Given data:
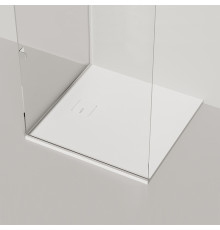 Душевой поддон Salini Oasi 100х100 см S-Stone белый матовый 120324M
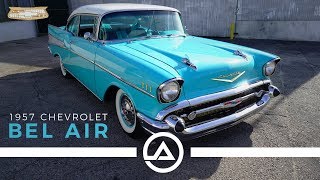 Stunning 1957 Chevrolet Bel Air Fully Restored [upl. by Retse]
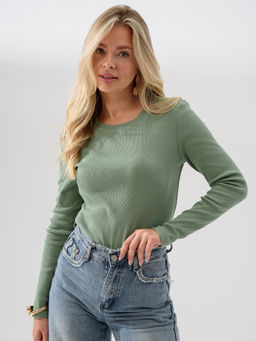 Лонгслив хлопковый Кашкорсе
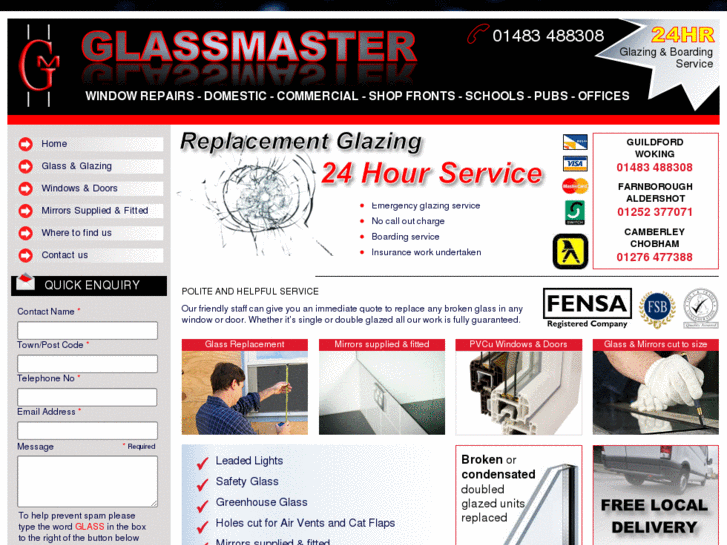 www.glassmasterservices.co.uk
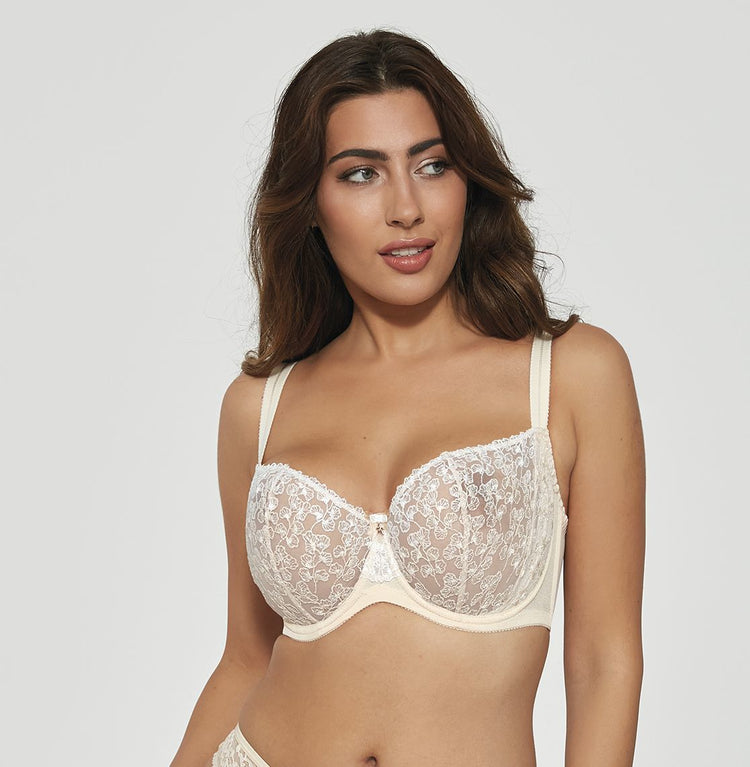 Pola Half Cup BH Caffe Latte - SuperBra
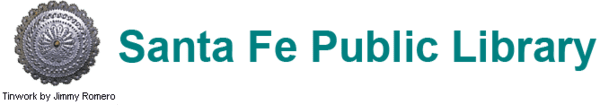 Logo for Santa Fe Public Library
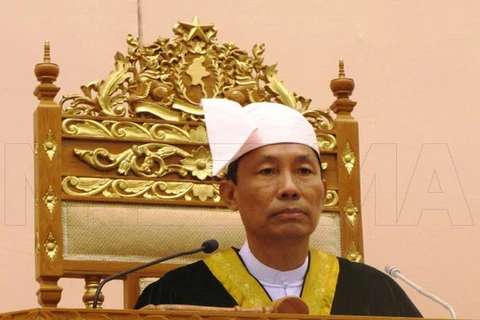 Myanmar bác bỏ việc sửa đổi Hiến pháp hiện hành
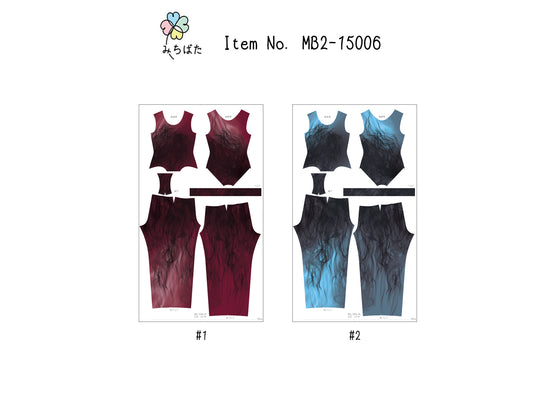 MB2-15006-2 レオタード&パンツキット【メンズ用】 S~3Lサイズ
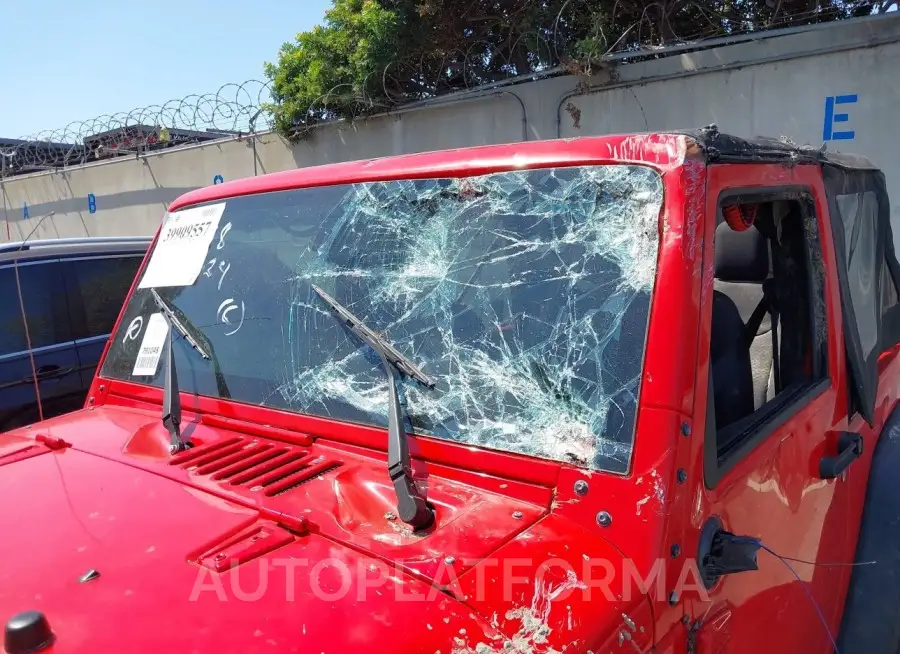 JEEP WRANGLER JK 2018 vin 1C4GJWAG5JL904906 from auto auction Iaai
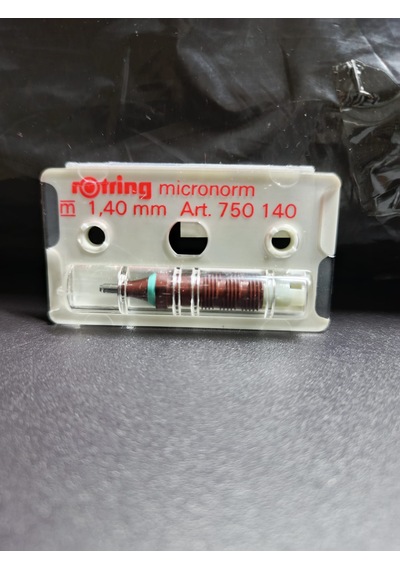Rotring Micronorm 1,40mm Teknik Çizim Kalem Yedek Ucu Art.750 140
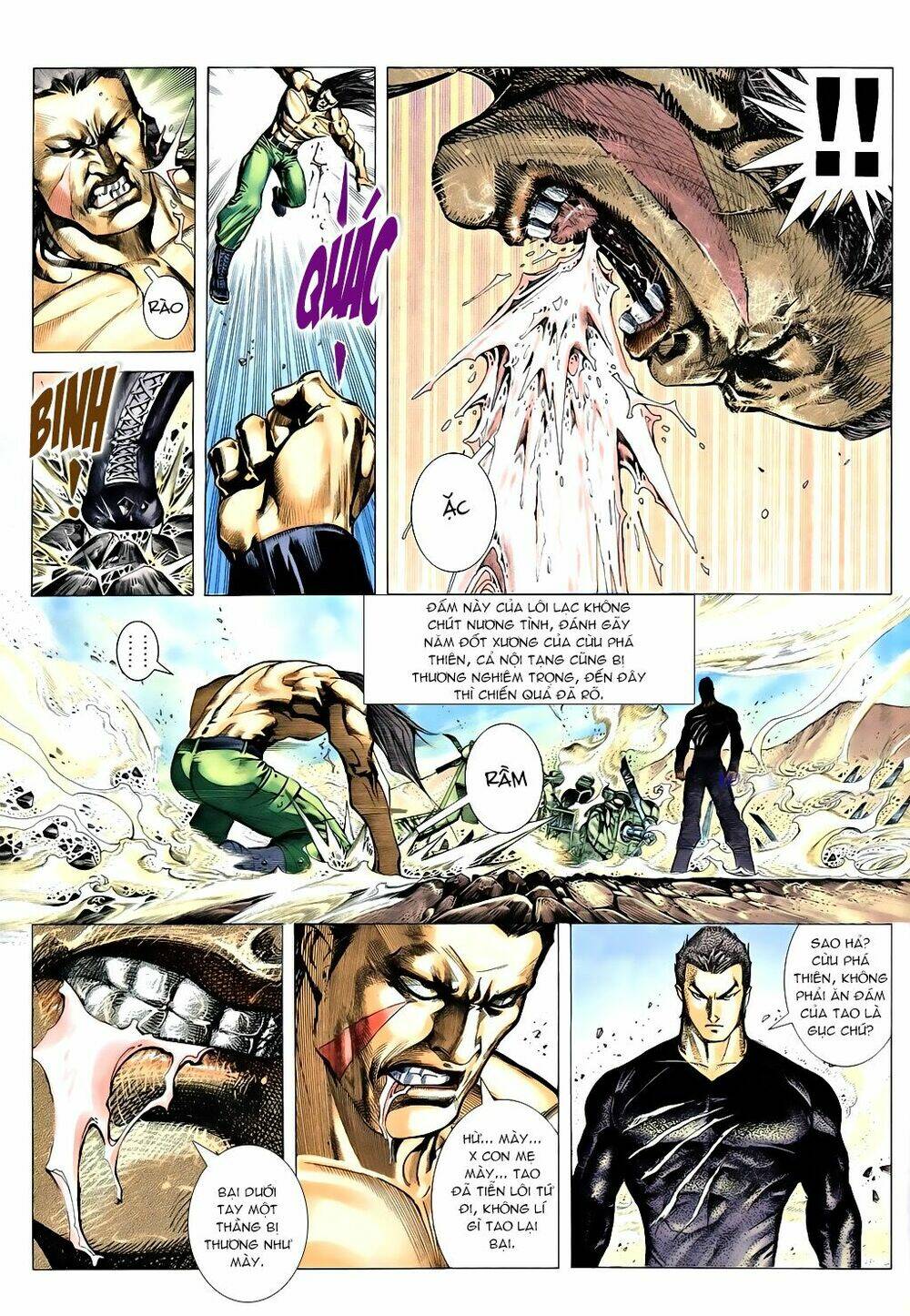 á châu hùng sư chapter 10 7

Task brief: Would you repeat the listing word for word and skip every picture?

Output below:
 Душевой поддон Salini Oasi 100х100 см S-Stone белый матовый 120324M
 Stunning 1957 Chevrolet Bel Air Fully Restored [upl. by Retse]
 Лонгслив хлопковый Кашкорсе
 www.glassmasterservices.co.uk
 Pola Half Cup BH Caffe Latte - SuperBra
 Logo for Santa Fe Public Library
 Myanmar bác bỏ việc sửa đổi Hiến pháp hiện hành
 MB2-15006-2 レオタード&パンツキット【メンズ用】 S~3Lサイズ
 JEEP WRANGLER JK 2018 vin 1C4GJWAG5JL904906 from auto auction Iaai
Rotring Micronorm 1,40mm Teknik Çizim Kalem Yedek Ucu Art.750 140
 á châu hùng sư chapter 10 7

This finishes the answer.